Le résultat de ce processus, c’est l’irréversible mondialisation du savoir-faire terroriste en matière de voiture piégée. Tel un virus implacable, une fois que la technique des véhicules piégés pénètre l’ADN d’une société hôte et attise ses contradictions, son usage tend à se reproduire indéfiniment. Entre 1992 et 1998, on compte 1 050 morts et près de 12 000 blessés dus à des attentats à la voiture piégée effectués dans treize villes différentes.
Encore plus important d’un point de vue géopolitique, l’IRA provisoire et une cellule de Brooklyn du groupe islamiste égyptien Al-Gamaa Al-Islamiyya ont réussi à infliger des dommages s’élevant à plusieurs milliards de dollars à deux centres de contrôle vitaux de l’économie mondiale, la City de Londres (1992, 1993 et 1996) et Wall Street, à Manhattan (1993), forçant les multinationales de la réassurance à une réorganisation substantielle.
En ce début du nouveau millénaire, quatre-vingt-cinq ans après le premier massacre de Wall Street, les voitures piégées sont devenues un phénomène mondial presque aussi banal que les i-Pods et le sida, semant la mort et la confusion de Bogota à Mumbaï et éloignant les touristes de certaines des destinations les plus courues de la planète.
L’occurrence d’attentats à la voiture piégée concerne actuellement, ou dans un passé récent, au moins vingt-trois États, tandis que trente-cinq autres pays ont souffert au moins un attentat majeur de ce type au cours du dernier quart de sièclenote.

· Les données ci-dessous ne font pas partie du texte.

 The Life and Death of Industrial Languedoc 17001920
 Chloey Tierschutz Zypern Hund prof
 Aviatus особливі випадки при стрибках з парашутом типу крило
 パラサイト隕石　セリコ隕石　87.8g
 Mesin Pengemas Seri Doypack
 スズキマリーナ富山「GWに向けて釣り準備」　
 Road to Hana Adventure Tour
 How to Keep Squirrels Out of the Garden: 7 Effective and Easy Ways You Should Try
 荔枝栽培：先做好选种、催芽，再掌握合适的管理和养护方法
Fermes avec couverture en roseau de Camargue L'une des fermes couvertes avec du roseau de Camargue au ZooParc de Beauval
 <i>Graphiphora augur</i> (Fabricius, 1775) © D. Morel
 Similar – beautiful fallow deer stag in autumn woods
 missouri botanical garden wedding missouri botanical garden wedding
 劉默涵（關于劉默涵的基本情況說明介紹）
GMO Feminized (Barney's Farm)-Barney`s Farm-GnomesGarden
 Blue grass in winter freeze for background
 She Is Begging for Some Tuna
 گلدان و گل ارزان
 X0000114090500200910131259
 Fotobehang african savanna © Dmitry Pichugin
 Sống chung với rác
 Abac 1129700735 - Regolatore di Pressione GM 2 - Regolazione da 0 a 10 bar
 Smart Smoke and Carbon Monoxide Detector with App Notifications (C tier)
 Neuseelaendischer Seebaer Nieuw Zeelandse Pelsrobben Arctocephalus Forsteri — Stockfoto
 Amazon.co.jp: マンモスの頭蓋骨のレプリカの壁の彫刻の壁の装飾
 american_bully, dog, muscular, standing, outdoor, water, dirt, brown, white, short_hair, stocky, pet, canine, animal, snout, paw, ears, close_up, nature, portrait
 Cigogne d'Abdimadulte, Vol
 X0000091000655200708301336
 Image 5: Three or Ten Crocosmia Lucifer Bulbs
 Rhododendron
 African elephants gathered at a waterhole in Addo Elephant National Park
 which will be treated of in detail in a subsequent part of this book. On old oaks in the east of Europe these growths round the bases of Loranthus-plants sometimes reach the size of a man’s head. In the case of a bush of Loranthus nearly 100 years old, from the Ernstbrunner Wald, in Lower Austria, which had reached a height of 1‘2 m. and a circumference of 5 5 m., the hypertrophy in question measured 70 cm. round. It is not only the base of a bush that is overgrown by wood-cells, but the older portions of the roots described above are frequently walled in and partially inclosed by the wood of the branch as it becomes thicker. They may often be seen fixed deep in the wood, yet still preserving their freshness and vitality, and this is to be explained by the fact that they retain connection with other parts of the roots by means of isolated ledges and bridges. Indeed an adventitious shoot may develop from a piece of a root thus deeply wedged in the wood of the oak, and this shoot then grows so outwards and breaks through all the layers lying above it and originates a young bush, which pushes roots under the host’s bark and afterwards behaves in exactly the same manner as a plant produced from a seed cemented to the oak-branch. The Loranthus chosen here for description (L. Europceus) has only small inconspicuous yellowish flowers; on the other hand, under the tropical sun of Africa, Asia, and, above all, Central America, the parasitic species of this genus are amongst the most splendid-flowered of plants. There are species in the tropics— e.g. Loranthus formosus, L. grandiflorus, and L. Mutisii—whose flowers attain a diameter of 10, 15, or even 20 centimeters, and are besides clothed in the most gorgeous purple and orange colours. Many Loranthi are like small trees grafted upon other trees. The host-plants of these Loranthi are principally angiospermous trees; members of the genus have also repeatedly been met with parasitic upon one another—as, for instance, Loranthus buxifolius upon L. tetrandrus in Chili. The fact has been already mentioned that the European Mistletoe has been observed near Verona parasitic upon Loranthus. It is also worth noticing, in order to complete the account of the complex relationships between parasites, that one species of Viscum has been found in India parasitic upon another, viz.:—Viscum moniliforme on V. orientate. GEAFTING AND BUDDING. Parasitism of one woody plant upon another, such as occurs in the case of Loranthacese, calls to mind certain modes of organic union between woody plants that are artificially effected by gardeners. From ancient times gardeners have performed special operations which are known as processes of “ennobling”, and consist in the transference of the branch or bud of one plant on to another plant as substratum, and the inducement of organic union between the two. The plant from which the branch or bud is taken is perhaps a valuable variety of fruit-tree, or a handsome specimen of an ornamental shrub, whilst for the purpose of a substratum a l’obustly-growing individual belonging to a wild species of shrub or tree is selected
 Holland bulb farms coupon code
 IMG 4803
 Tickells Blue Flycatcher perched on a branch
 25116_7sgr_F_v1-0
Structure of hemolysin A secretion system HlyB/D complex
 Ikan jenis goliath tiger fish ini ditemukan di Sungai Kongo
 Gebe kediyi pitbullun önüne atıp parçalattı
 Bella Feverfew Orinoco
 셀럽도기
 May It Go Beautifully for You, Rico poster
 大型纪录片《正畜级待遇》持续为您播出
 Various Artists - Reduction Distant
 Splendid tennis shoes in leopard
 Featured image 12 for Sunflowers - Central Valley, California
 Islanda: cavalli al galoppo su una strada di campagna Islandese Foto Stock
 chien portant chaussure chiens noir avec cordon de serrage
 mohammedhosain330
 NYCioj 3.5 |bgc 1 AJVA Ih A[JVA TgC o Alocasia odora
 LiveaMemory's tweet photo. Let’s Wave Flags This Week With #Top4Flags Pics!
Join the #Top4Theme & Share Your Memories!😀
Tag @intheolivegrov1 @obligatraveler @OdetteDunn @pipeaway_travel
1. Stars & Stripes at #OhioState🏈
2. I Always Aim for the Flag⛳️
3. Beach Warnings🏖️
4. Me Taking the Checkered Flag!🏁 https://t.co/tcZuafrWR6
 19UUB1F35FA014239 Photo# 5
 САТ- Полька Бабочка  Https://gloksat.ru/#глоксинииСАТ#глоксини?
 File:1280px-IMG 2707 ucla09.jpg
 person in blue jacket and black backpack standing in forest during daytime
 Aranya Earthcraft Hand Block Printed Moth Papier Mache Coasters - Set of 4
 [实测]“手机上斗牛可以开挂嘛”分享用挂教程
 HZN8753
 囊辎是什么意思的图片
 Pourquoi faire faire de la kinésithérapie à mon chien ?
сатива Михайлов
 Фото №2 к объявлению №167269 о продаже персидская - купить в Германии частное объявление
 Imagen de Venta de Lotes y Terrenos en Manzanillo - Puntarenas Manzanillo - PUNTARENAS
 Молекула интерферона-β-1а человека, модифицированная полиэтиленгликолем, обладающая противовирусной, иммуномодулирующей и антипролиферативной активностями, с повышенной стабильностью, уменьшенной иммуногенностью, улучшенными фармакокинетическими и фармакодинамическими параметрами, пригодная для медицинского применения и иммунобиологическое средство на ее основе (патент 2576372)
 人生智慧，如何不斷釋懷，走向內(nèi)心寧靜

C’est l’Europe de l’Ouest et le Moyen-Orient qui détiennent conjointement le record historique des attentats à la voiture piégée, suivis par l’Asie du Sud, puis l’Amérique du Sud, l’Afrique du Nord, l’Afrique subsaharienne et l’Amérique du Nord.
(L’exception est l’Extrême-Orient qui, jusqu’à présent, a échappé aux explosions de Toyota et de Datsun piégées.) Les camions suicide, jadis une spécialité exclusive du Hezbollah, font désormais partie du paysage au Sri Lanka, en Tchétchénie et en Russie, en Arabie saoudite, en Turquie, en Égypte, au Koweit, en Palestine, en Indonésie et en Afghanistan. Sur les tableaux statistiques du terrorisme urbain, la courbe de fréquence des attentats à la voiture piégée monte en flèche, de façon presque exponentielle.